A+| A| A-
No Breather for Food Subsidy Bill
Farm support payment schemes, aimed at compensating farmers when market prices fall below a certain predetermined price level, work differently in different countries. The article “Price Deficiency Payments and Minimum Support Prices: A Study of Selected Crops in India” (EPW, 19 May 2018) by T Haque and P K Joshi had recommended schemes similar to the Price Loss Coverage programme of the United States as an alternative to the agricultural minimum support price programme in India. This article debates the inferences made, in particular, why price deficiency payment schemes such as the Bhavantar Bhugtan Yojana, will not reduce the food subsidy bill.

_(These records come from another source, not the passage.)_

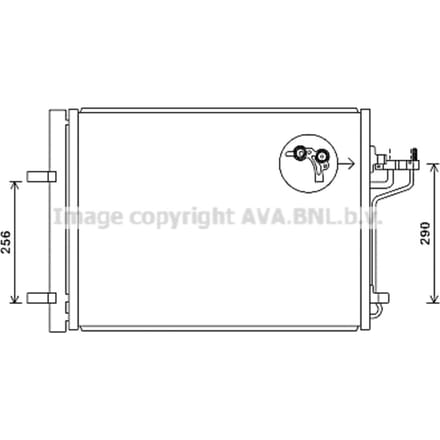 Condensator, airconditioning AVA COOLING FD5488D AVA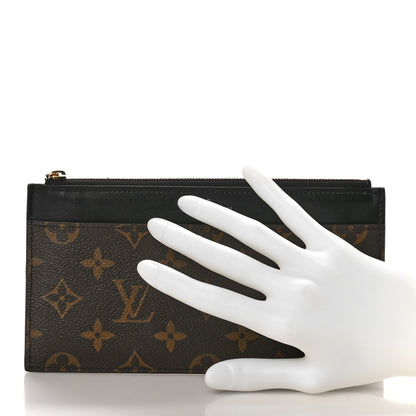 Louis Vuitton Monogram Slim Purse Black 2 of 8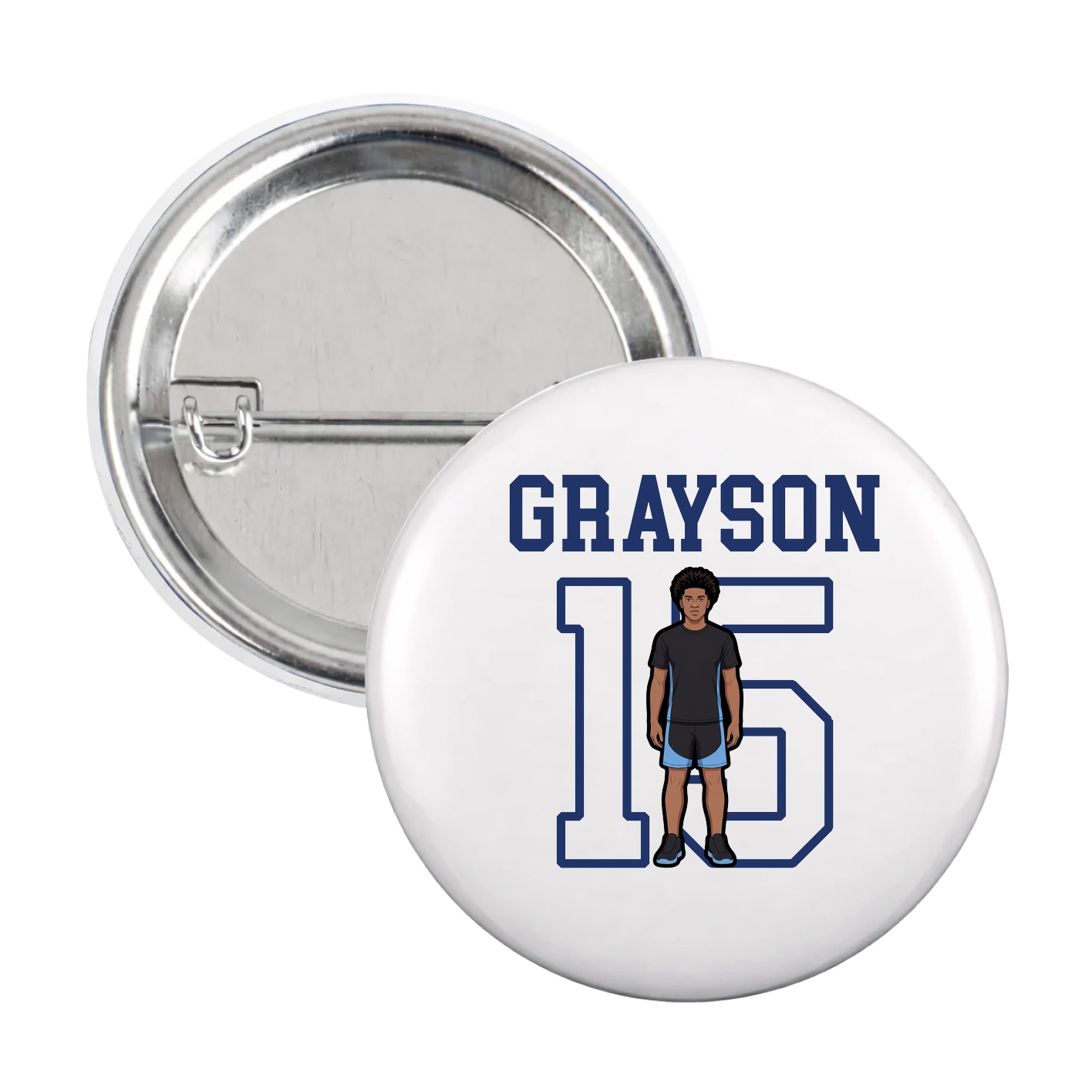 Game Day Button — Shirsey in White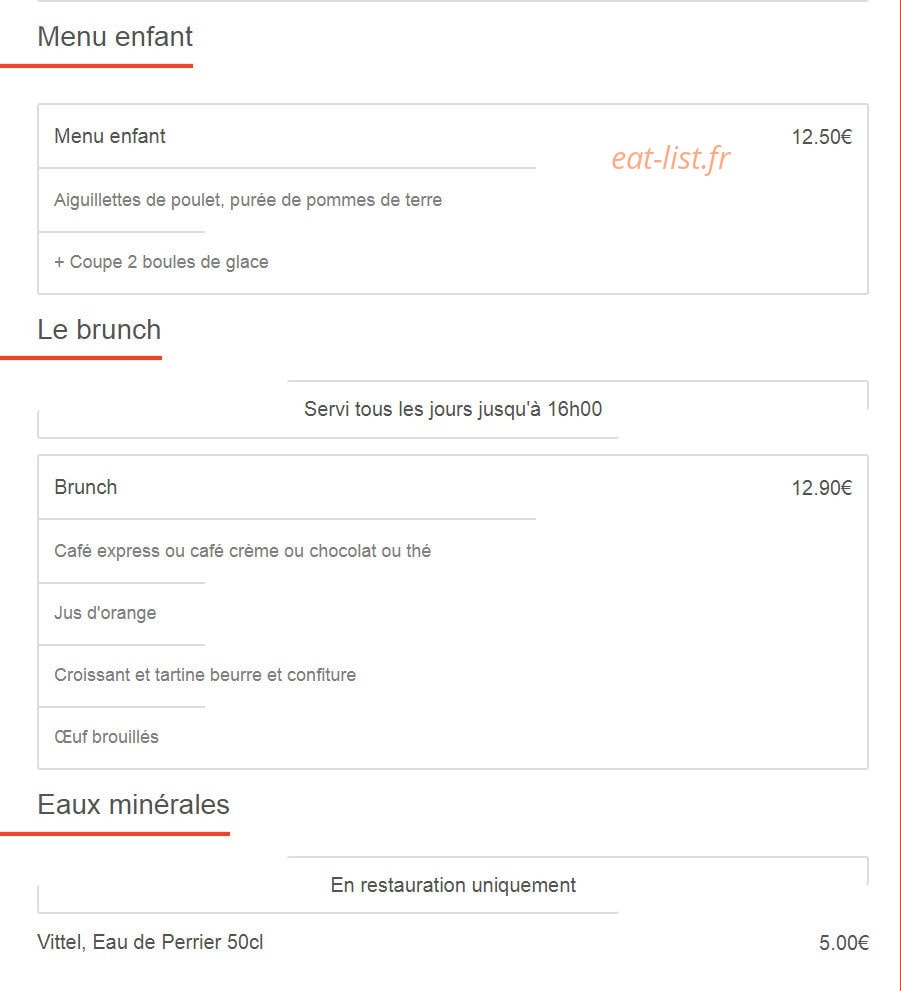Le Relais De La Butte — carte page 4
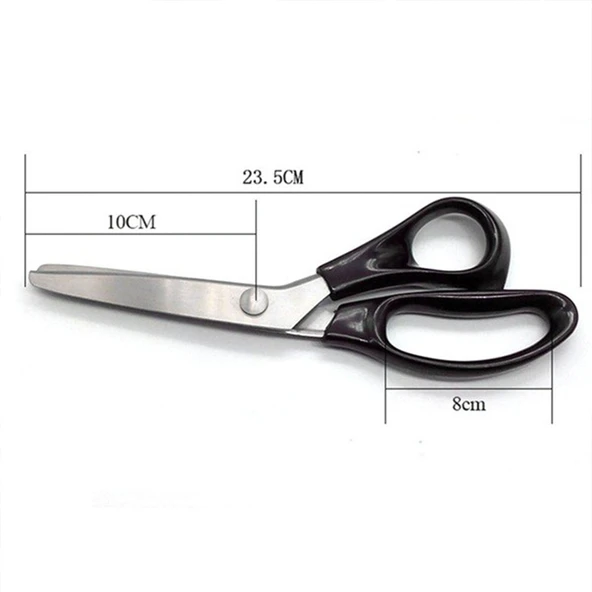 Zikzaklı Kesim Makası Desenli Tırtıklı Oya Ve Terzi Makası 23 CM - 3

Agricultural price support schemes, especially the minimum support prices (MSPs), have been a contentious issue in India. In this context, the Madhya Pradesh (MP) government’s experiment with the Bhavantar Bhugtan Yojana (BBY) between October 2017 and September 2018—a price deficiency payment scheme wherein farmers received the difference money as a government guarantee when they failed to garner the minimum price for the crop they produced—received much attention as a potentially viable alternative of the MSPs.
Though the pilot has been rolled back by the MP government towards the end of 2018, the significance of such alternative strategies in the overall discourse on agricultural price support policy will always remain pertinent, and so will be any critical discussion on this issue. In the first place the BBY appears to be a rather problematic mix of two safety net payment programmes implemented by the United States (US) government—namely the Price Loss Coverage (PLC) and the Agriculture Risk Coverage–County (ARC-CO).